FIG. 3A is a representation of what is believed to occur when the papermaking belts having smooth backside surfaces and carrying a paper web encountered the vacuum dewatering equipment of the prior art having a smooth web-facing surface, such as a vacuum box 199. FIG. 3B is a representation of what is believed to occur when the papermaking belt carrying a paper web encounters the vacuum apparatus 10 of the present invention, such as vacuum box 200. FIG. 4 is a graphical representation of the application of the vacuum pressure (differential pressure) to the papermaking belt 11 having the embryonic web 27 thereon and moving across a vacuum slot 16 of a vacuum box 199 of the prior art and the vacuum slot 216 of the vacuum apparatus 10 of the present invention.
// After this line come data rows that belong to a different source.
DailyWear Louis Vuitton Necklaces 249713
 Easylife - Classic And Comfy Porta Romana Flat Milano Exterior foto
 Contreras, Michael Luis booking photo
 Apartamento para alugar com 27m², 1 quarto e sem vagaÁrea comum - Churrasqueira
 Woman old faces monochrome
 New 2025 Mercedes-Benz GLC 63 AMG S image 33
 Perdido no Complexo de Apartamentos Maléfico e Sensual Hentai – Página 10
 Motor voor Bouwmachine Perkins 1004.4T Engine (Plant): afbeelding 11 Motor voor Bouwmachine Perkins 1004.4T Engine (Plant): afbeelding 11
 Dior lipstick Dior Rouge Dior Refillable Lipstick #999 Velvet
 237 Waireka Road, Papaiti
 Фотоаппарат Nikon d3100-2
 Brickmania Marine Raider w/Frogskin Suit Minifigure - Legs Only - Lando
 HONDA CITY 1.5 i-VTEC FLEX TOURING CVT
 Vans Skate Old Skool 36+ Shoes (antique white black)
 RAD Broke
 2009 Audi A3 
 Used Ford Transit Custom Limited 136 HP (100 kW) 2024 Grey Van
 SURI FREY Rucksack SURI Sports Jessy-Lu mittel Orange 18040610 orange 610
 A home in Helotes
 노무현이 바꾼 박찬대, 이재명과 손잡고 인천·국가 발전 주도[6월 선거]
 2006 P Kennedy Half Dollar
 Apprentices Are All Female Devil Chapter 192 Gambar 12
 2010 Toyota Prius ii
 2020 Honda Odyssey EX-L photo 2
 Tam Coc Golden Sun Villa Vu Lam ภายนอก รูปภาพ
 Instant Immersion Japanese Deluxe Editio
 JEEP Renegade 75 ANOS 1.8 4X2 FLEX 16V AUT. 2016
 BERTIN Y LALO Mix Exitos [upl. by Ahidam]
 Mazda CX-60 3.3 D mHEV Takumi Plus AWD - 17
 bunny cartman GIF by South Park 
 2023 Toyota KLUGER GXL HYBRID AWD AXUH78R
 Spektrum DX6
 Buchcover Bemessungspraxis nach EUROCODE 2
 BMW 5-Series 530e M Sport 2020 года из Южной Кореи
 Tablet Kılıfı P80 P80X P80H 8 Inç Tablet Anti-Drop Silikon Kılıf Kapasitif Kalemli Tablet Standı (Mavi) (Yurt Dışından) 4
As schematically shown in FIGS. 3A and 3B, the papermaking belt 11 carries a web 27 in the machine direction MD (from left to right in the figures). In FIG. 3A, a portion of the belt 11 passes over the single slot 16 of the prior art vacuum box 199 having a smooth web-facing surface 14. The portion of the web-facing surface 14 shown includes a leading surface 14L which is first encountered when the papermaking belt 11 with the paper web 27 thereupon travels in the machine direction, and a trailing surface 14T which is the web-facing surface 14 of the vacuum box 199 which is encountered after the papermaking belt 11 passes over the vacuum slot 16. A vacuum V is applied from a vacuum source (not shown), which exerts pressure on the belt 11 and the embryonic web 27 in the direction of the arrows V shown. The vacuum V removes some of the water from the embryonic web 27 and deflects and rearranges individual fibers 27a of the embryonic web 27 into conduits 12 of the papermaking belt 11.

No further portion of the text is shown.